IACHR Press Office
Washington, D.C. — The Inter-American Commission on Human Rights (IACHR) expressed its concern over recent acts of criminalization and judicial persecution targeting judicial personnel and former members of the International Commission against Impunity in Guatemala (CICIG). The IACHR urged the State of Guatemala to guarantee an independent, impartial justice system and to protect judicial personnel.
The IACHR has continued to receive information regarding the criminalization, harassment, and judicial persecution of judges, prosecutors, former prosecutors, and magistrates due to their work investigating or prosecuting criminal structures with ties to those holding political and economic power, emblematic cases of serious human rights violations during the armed conflict, or because they supported the work of the CICIG in Guatemala.
According to public information, on February 16, the Public Prosecutor's Office arrested Willy Racanac López and Paola Mishelle Escobar Quiñónez, assistant prosecutors at the Special Prosecutor's Office Against Impunity (FECI) for the alleged crime of abuse of authority. An arrest warrant was also issued for Rudy Antonio Herrera Lemus, a former prosecutor at the FECI, and Aliss Noemí Moran, a former assistant prosecutor there. All four of these individuals were involved in investigations around the Parallel Commissions 2020 case.

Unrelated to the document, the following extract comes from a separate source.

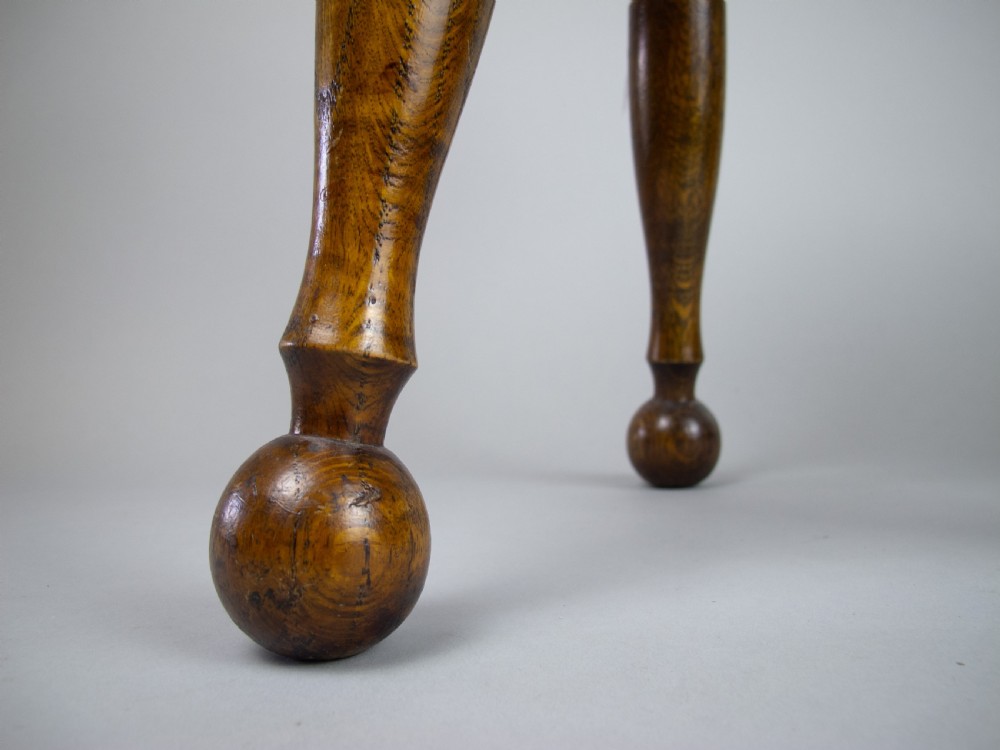Late 19th Century Small Oak Needlework Stool With Tapered Ball Legs View IX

On February 15, another former prosecutor at FECI, Eva Siomara Sosa was arrested after voluntarily appearing before the Third Criminal Court after learning that there was a warrant for her arrest. On February 10, it was reported that the former head of the CICIG, Leily Santizo, had been arrested. According to public information, Ms. Sosa and Ms. Santizo are being detained without an initial hearing having taken place to date. According to the information provided, the investigations were a reprisal for their work.
Both Ms. Sosa and Ms. Santizo led high-impact anticorruption cases while the CICIG was in operation. Ms. Santizo's arrest is also related to the work she is currently engaged in as a defender of judicial personnel who are known for the independence of their work. The information available indicates that the two prosecutors were not informed of the accusations against them, as the file was kept confidential.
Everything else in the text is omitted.